### Task to carry out
Whatever comes before the line containing "shit! I didn't" stays out; transcribe that line and all that follow to the end of the records exactly, with no pictures.

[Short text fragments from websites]
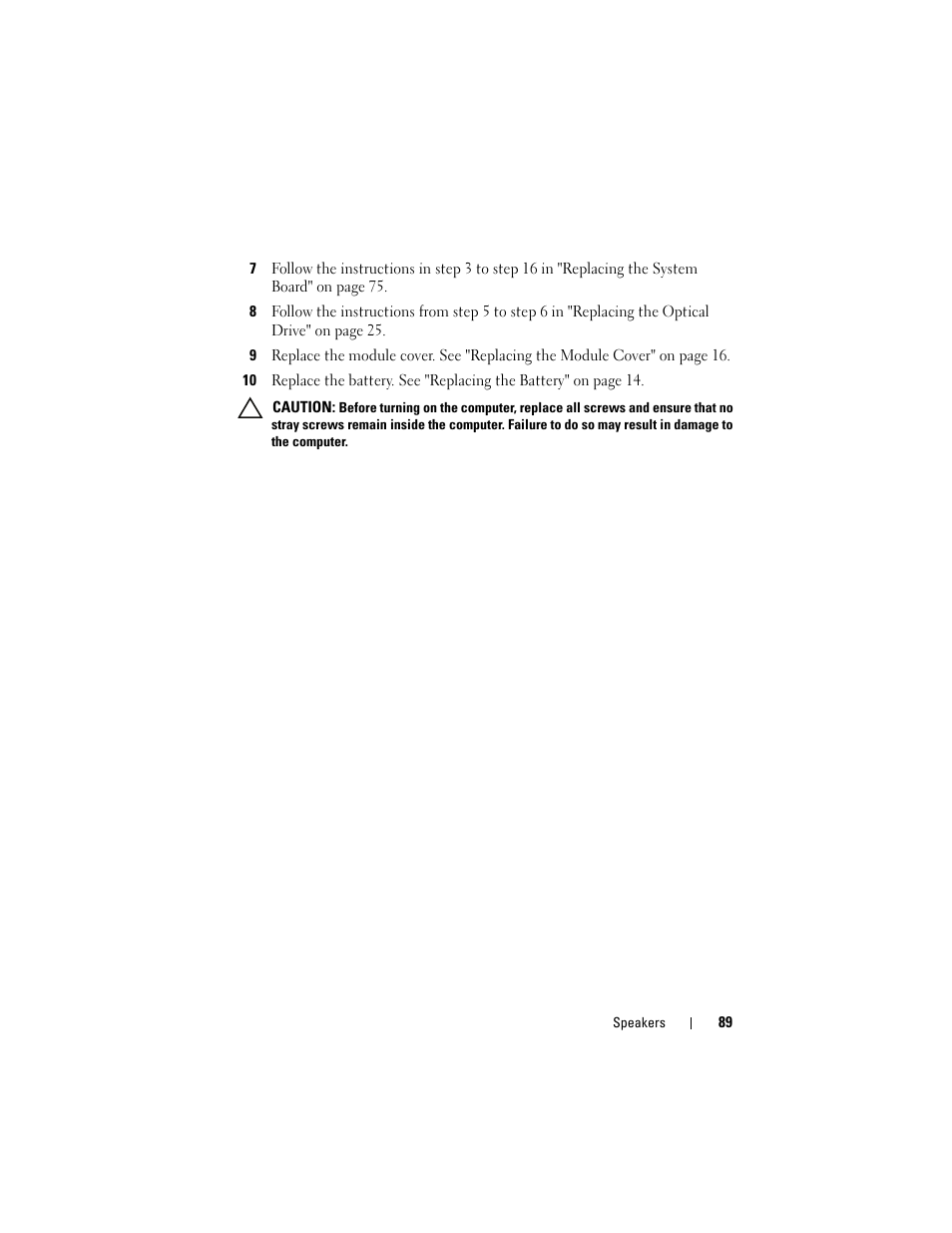 Dell Inspiron 14z (N411z, Late 2011) User Manual | Page 89 / 102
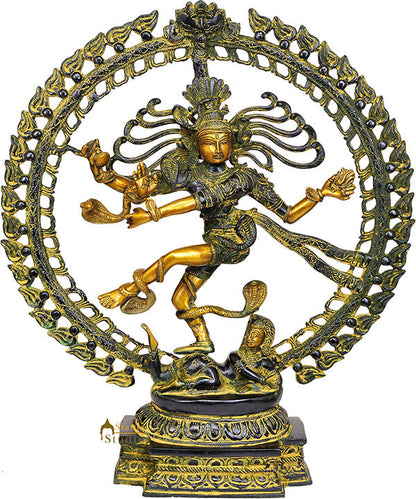 Fengshui Lucky Home Welcome Décor Lord Nataraja Statue 21" by vendor-unknown - Hindu Gods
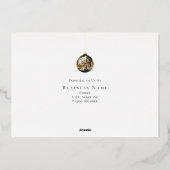 クリスマス ブラック ゴールド ビジネス ハッピー ホリデーズ 箔シーズンカード (裏面)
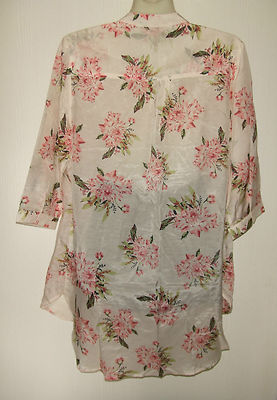 Chemise imprimée en satin - Imprimé rose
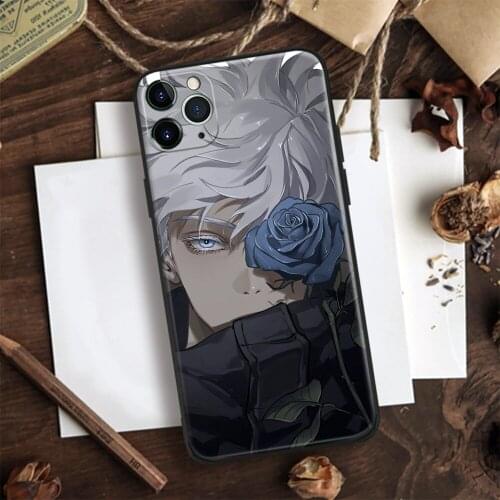Satoru Gojo Jujutsu Kaisen Soft Silicone Glass Phone Case Cover Shell For IPhone SE 6 6s 7 8 Plus X XR XS 11 12 Mini Pro Max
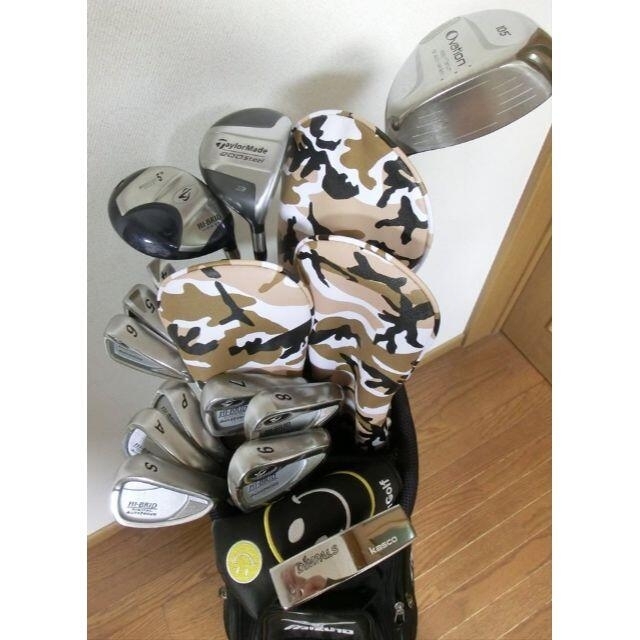 ユーズド　メンズ　有名メーカー13本セット　R　未使用HC(ウッド・パター）付 スポーツ/アウトドアのゴルフ(クラブ)の商品写真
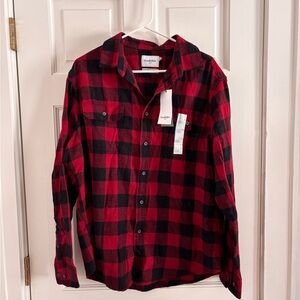 Goodfellow & Co Red and Black Checkered Shirt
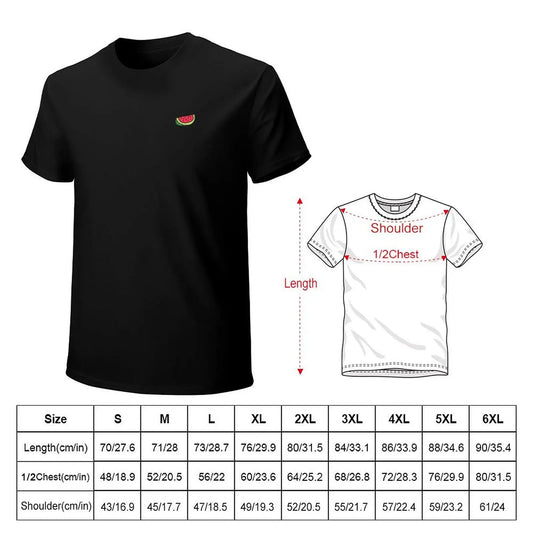 Watermelon T-Shirt sports fans for a boy plus size tops new edition oversized t shirt men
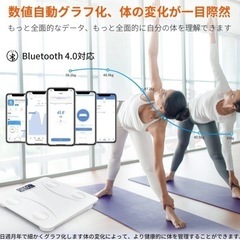 スマホ連動 体脂肪計 bluetooth 体組成計 2023 最新ヘルスメーターの画像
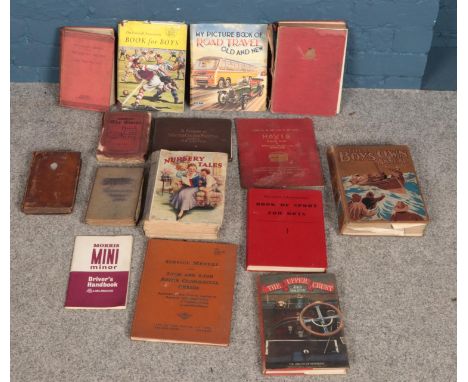 A quantity of books. Including The Steam Engine and Gas and Oil Engines by John Perry dated 1909, A Fathers Instructions date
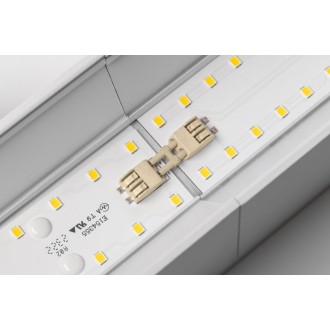 GTV LD-VIL42WUDC-NB - Stropné lineárne LED svietidlo VINEA 30/40W, 4000K, 4800lm, 230V, 120cm, biela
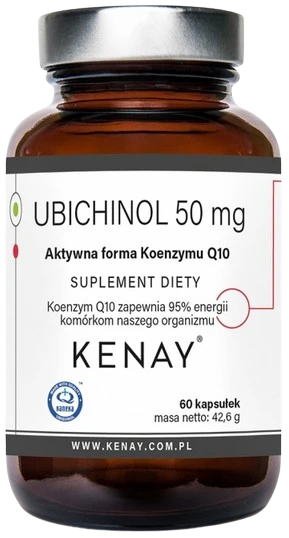 Kenay | Ubichinol Koenzym Q10 50mg 60 kapsułek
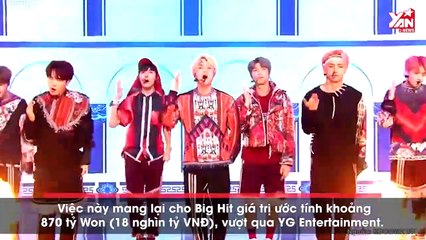 Big Hit chính thức vượt mặt YG, nguy cơ bị loại khỏi Big 3 không còn xa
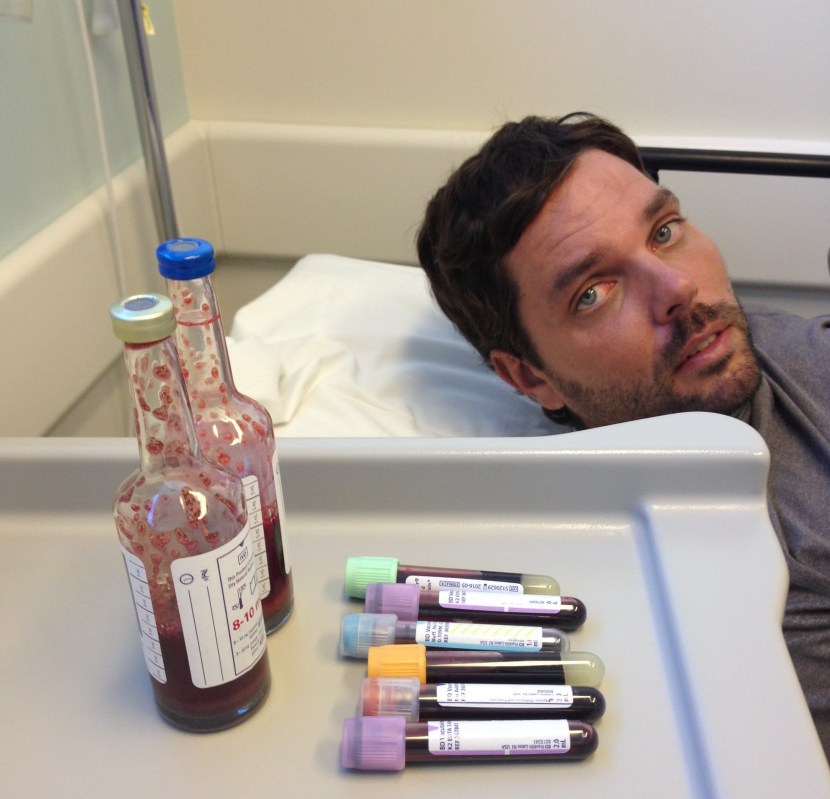 shit! I didn't realize I was also donating blood today!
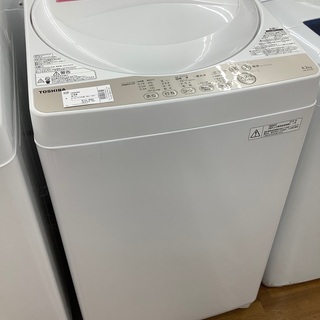 安心の6ヶ月保証付き　TOSHIBA  洗濯機　AW-4S3 4.2kg 2016年製　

### Result of the exercise
 shit! I didn't realize I was also donating blood today!
 安心の6ヶ月保証付き　TOSHIBA  洗濯機　AW-4S3 4.2kg 2016年製　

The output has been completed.